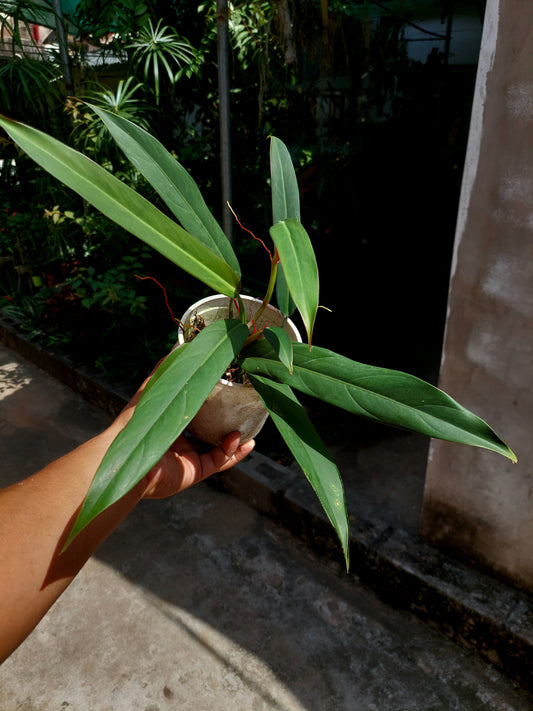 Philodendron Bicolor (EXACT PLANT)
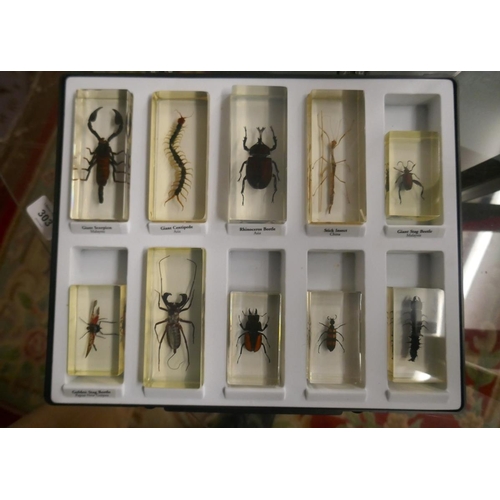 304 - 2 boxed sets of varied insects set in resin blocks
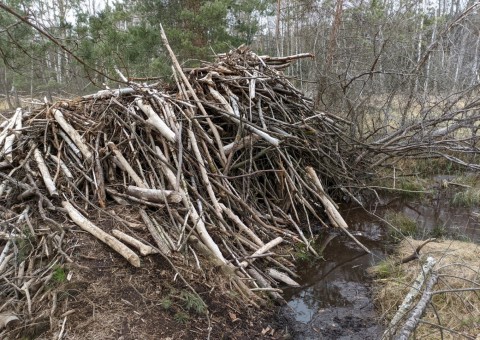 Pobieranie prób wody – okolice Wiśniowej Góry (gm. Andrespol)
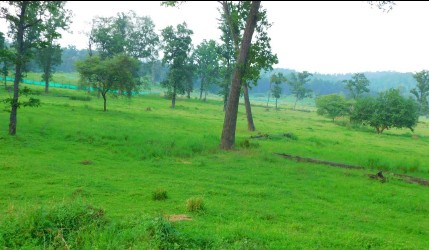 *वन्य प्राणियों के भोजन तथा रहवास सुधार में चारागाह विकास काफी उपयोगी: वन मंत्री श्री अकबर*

• **WHAT IS NEEDED**: Reproduce the listing above exactly, but skip the pictures.

• **ANSWER TO THE PROBLEM**:
 Philodendron Bicolor (EXACT PLANT)
 304 - 2 boxed sets of varied insects set in resin blocks
 Pobieranie prób wody – okolice Wiśniowej Góry (gm. Andrespol)
 *वन्य प्राणियों के भोजन तथा रहवास सुधार में चारागाह विकास काफी उपयोगी: वन मंत्री श्री अकबर*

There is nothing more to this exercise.